**Task statement:** In the entries below, begin at the line that has "After the mapping", stop after the line that has "Good evening everyone.", and output those lines exactly with no pictures.

**Source records:**
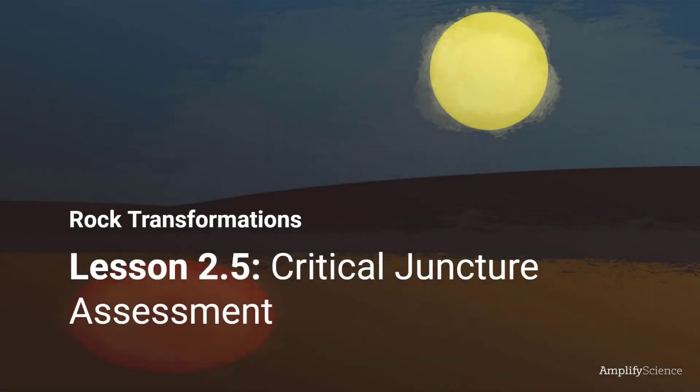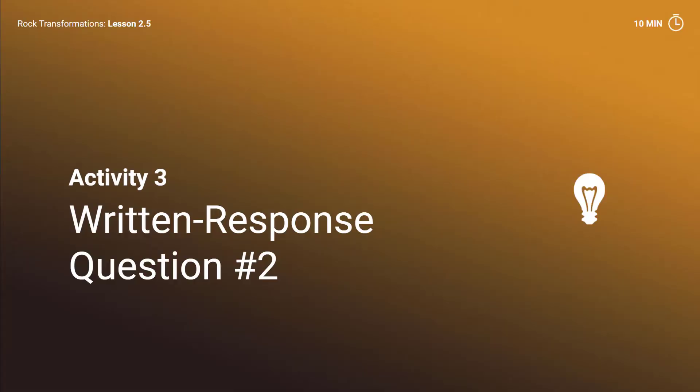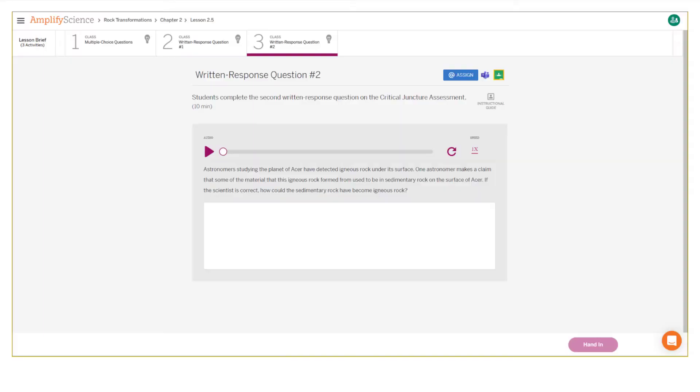Rock Transformation Unit, Lesson 2.5, Critical Juncture Assessment, Activity 3, Written Response Question Number 2. Here's what your student screen looks like for this part of the lesson.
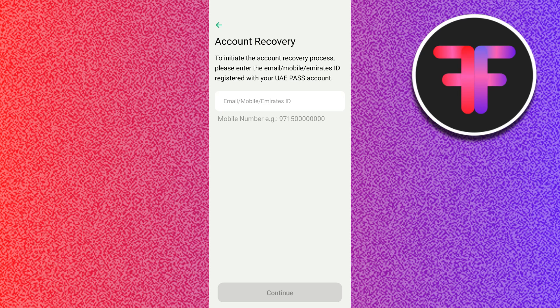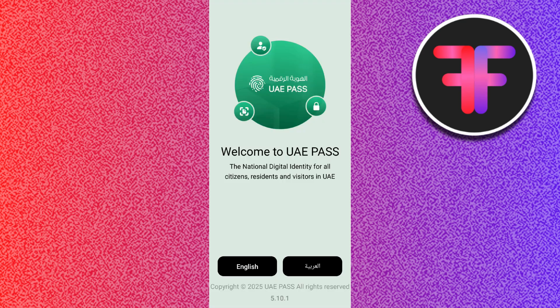If the update doesn't reflect immediately, you can try logging out of your app and then logging back in. If you face any issues, you can contact UAE Pass support through the application or visit their official website at uaepass.ae.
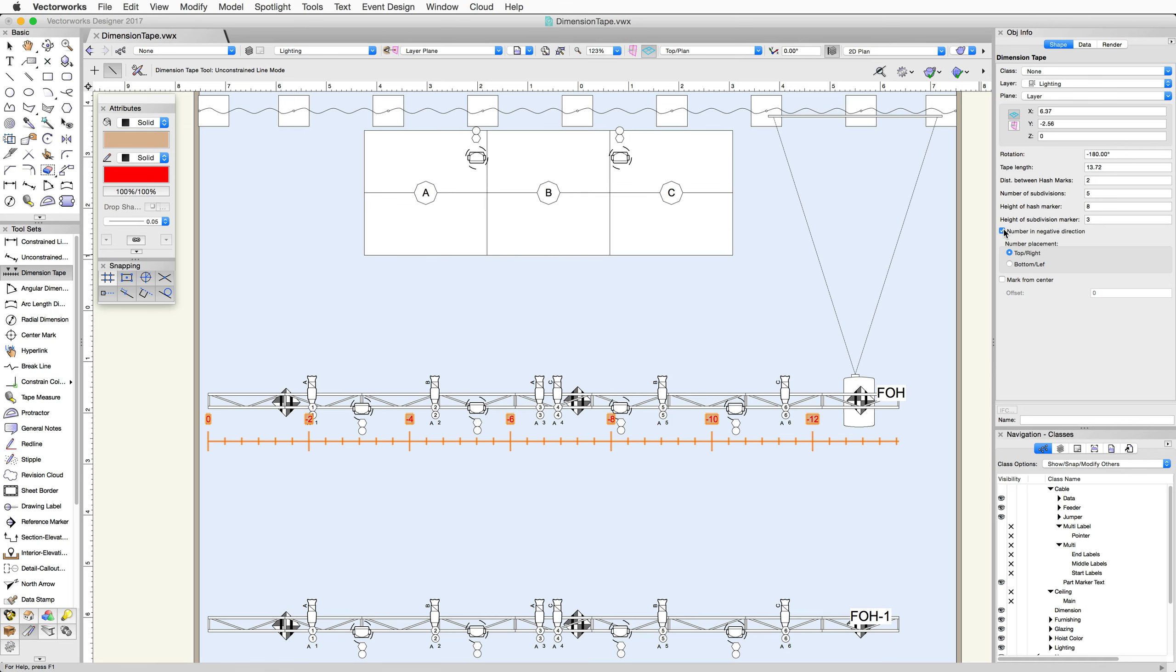You can also choose to mark the Dimension Tape from the center of the line. This will extend numbers in both directions from the center of the Dimension Tape. If zero should be located off-center, you can enter the offset below.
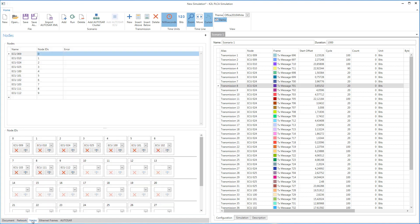After the mapping of the CAN and CAN-FD clusters to 10Base T1S is done, the Nodes tab at the bottom contains the Nodes on the bus and a default assignment of 10Base T1S Node IDs. The assignment can easily be changed with the help of drop-down menus.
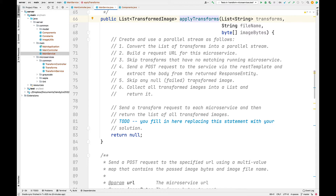What comes back from the post request will be a result. You'll skip over any results that have failed — filtering out nulls as usual — and then collect all the transformed images into a list and return that from apply transforms. That will go back to the main controller, which will return it to the client after internally encoding it as JSON, which is done for you by Spring WebMVC.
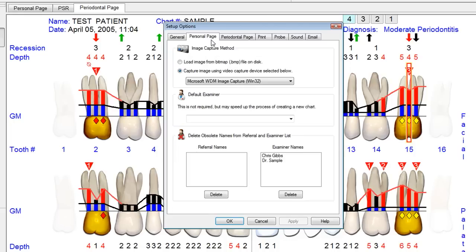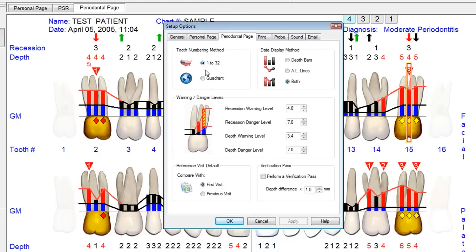On the Personal page, you can customize how you want to input images. You can also set the Default Examiner. On the Personal page, we can flip between the U.S. or International Tooth Numbering System, how we display the data, the warning and danger levels, and whether to automatically compare to either the first visit or the most recent visit.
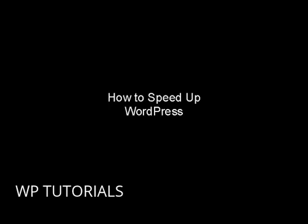Now there's nothing worse than a slow site, so in this video I'm going to give you some quick tips on how you can speed up your self-hosted WordPress site. These tips apply only to self-hosted WordPress sites. If your site is hosted on WordPress.com, then you're already being taken care of.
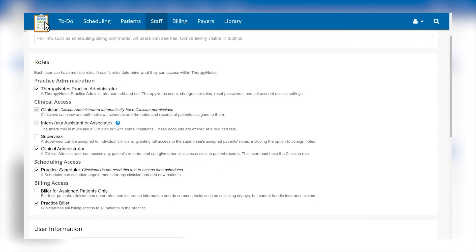Before we begin, make sure you have the clinical administrator user role within your TherapyNotes account. Clinical administrators are the only users who are able to delete notes. If a user only has the clinician role, they will need to contact the clinical administrator to delete a note they have written.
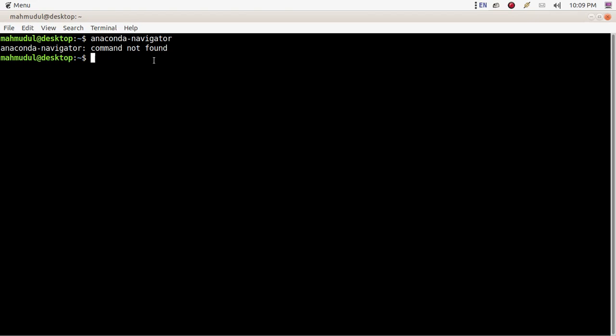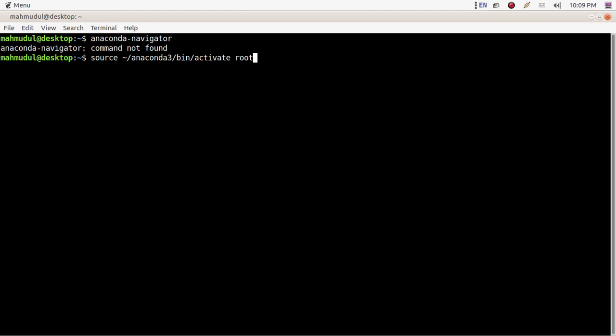Okay, I am going to show you how you can fix this issue. First of all, activate anaconda with root, that means base.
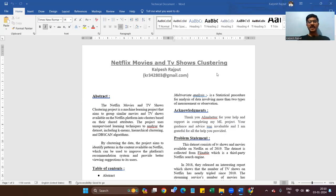Good evening everyone. My name is Kalpesh Rajput and I am a student of Almabetter. Currently I am pursuing a master's degree in Data Science and Artificial Intelligence with Wolf University. This is my fourth Capstone project, named Netflix Movie and TV Show Clustering Study.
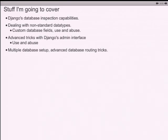I'm going to cover Django's database inspection capabilities - its default way of taking the current database and generating the schema for the models interface. How to deal with non-standard data types: Django's ORM is designed for compatibility across MySQL, Postgres, Oracle, and SQLite, so it's limited to features common between all of them - which is tricky when you're dealing with something designed specifically for one database. I'll also be covering the creepy, terrible things you can do with Django's admin interface, and how to do multiple database routing.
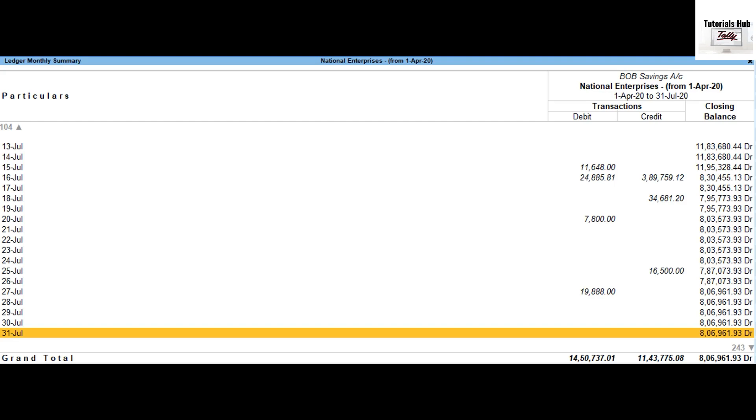In the ledger monthly summary report, press Ctrl plus F6 to view a daily break-up of the values.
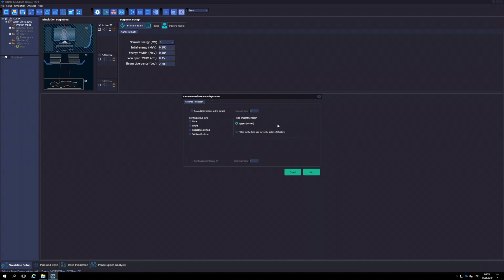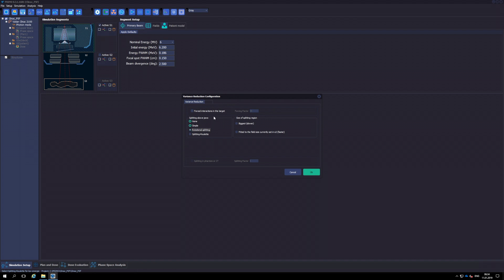The most adequate variance reduction technique for photon beams of 10 MV or less energy is splitting relay. For energies above 10 MV, rotational splitting proves to be more efficient. Both splitting relay and rotational splitting can be applied to take advantage of the defined field size, or applied for the most general case, that is, the largest possible field of 40x40 cm. If we require these techniques to be adapted to the field size, then the simulation will be more efficient, but the tallied phase space file can only be used for field sizes equal to or smaller than the one defined at Segment 1. On the other hand, a phase space tallied with the biggest option can be used with any field size when subsequently simulating Segment 2.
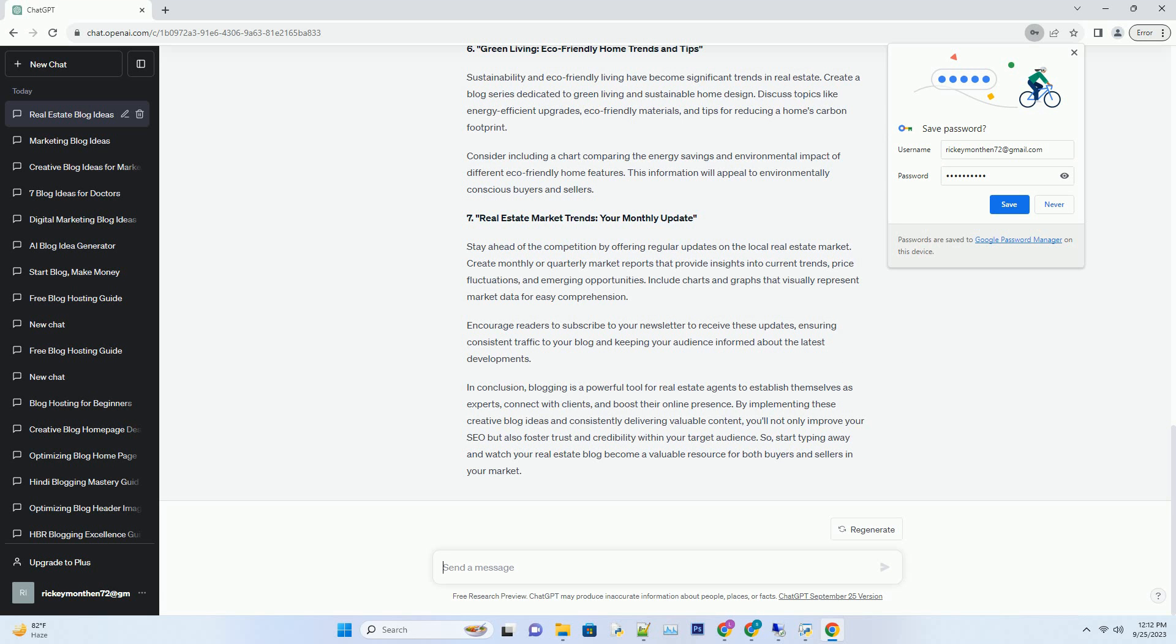Include an informative list of frequently asked questions (FAQs) on your blog, which can serve as a quick reference for visitors seeking immediate answers.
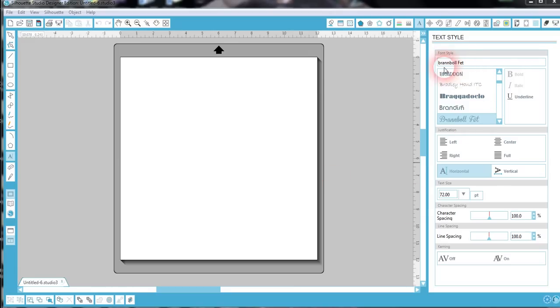As you can see over here, it's Brandball Fet. This font will allow you to put the tail at the end of any word that you make up simply by using the numbers one through nine. The number one will give you the smallest tail and it increases with each number. Now let's watch and see.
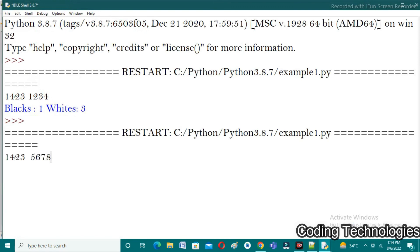I am expecting blacks as 0 and whites as 0 because no elements are matched in both of the numbers. Let's check — here we observe that blacks count is 0 and whites count is 0. I hope all of you understand the program well.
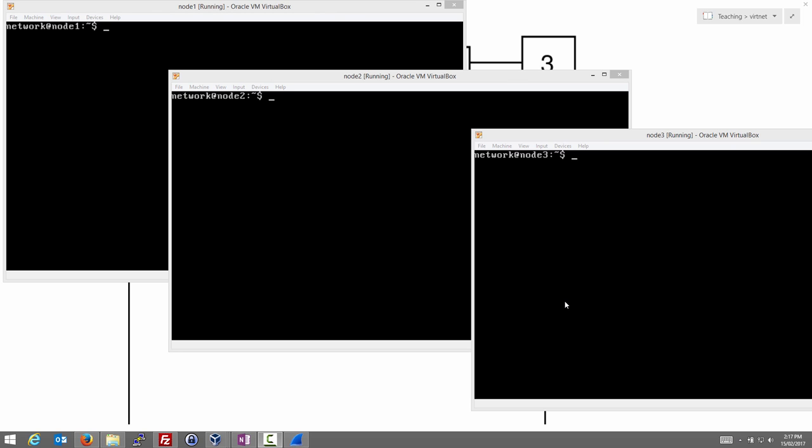We have a virtual network of three Linux nodes. Node 1 and Node 2 on the same subnet. Node 2 and 3 on a separate subnet. So Node 2 is the router in our internet.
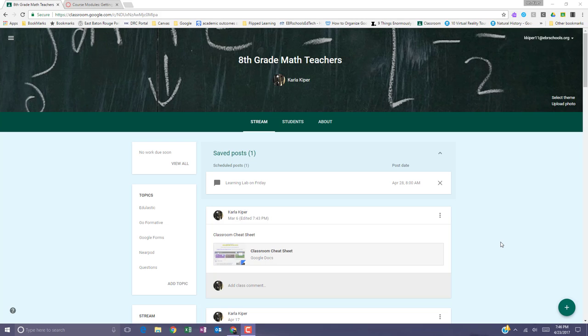Scheduled posts and draft posts also appear at the top of the stream. These are not visible to students, but they are at the top of the stream.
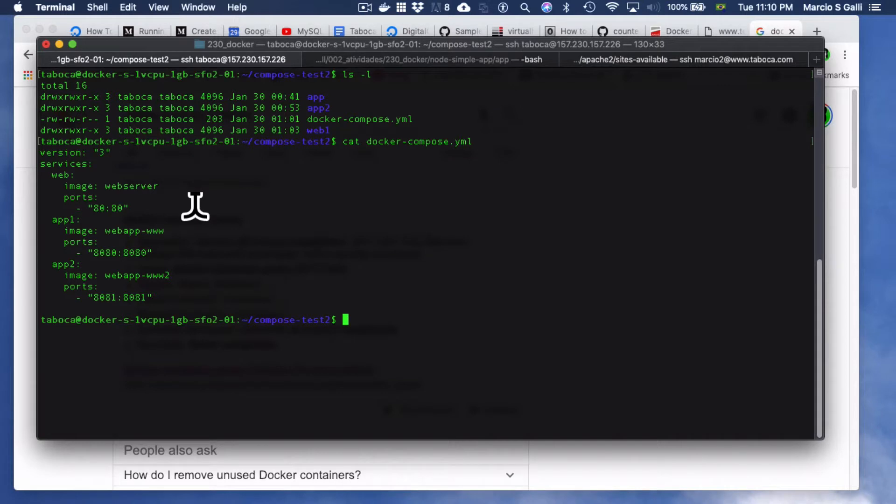Hello, this is Marcio, and this is an example of how to use Docker. In this case, we're going to go straight to use Docker Compose and also some other Docker commands for creating the various containers that I'm using.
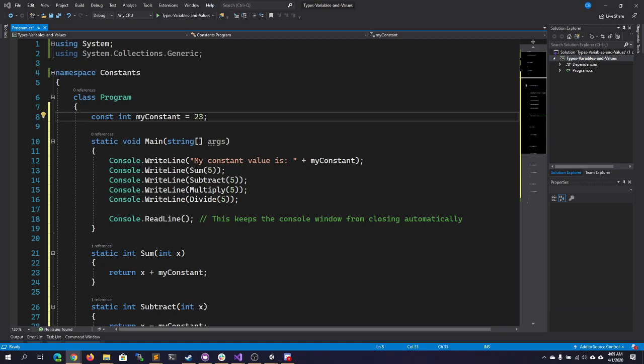For the most part, you're going to be able to have all the same things, as I already said, about public, private, protected, internal, with constants. You just have to understand that they are treated as if they were static. They are treated as literals when your code is compiled. And they are immutable.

**Output:**
After the mapping of the CAN and CAN-FD clusters to 10Base T1S is done, the Nodes tab at the bottom contains the Nodes on the bus and a default assignment of 10Base T1S Node IDs. The assignment can easily be changed with the help of drop-down menus.
What comes back from the post request will be a result. You'll skip over any results that have failed — filtering out nulls as usual — and then collect all the transformed images into a list and return that from apply transforms. That will go back to the main controller, which will return it to the client after internally encoding it as JSON, which is done for you by Spring WebMVC.
On the Personal page, you can customize how you want to input images. You can also set the Default Examiner. On the Personal page, we can flip between the U.S. or International Tooth Numbering System, how we display the data, the warning and danger levels, and whether to automatically compare to either the first visit or the most recent visit.
Now there's nothing worse than a slow site, so in this video I'm going to give you some quick tips on how you can speed up your self-hosted WordPress site. These tips apply only to self-hosted WordPress sites. If your site is hosted on WordPress.com, then you're already being taken care of.
Before we begin, make sure you have the clinical administrator user role within your TherapyNotes account. Clinical administrators are the only users who are able to delete notes. If a user only has the clinician role, they will need to contact the clinical administrator to delete a note they have written.
Okay, I am going to show you how you can fix this issue. First of all, activate anaconda with root, that means base.
Good evening everyone. My name is Kalpesh Rajput and I am a student of Almabetter. Currently I am pursuing a master's degree in Data Science and Artificial Intelligence with Wolf University. This is my fourth Capstone project, named Netflix Movie and TV Show Clustering Study.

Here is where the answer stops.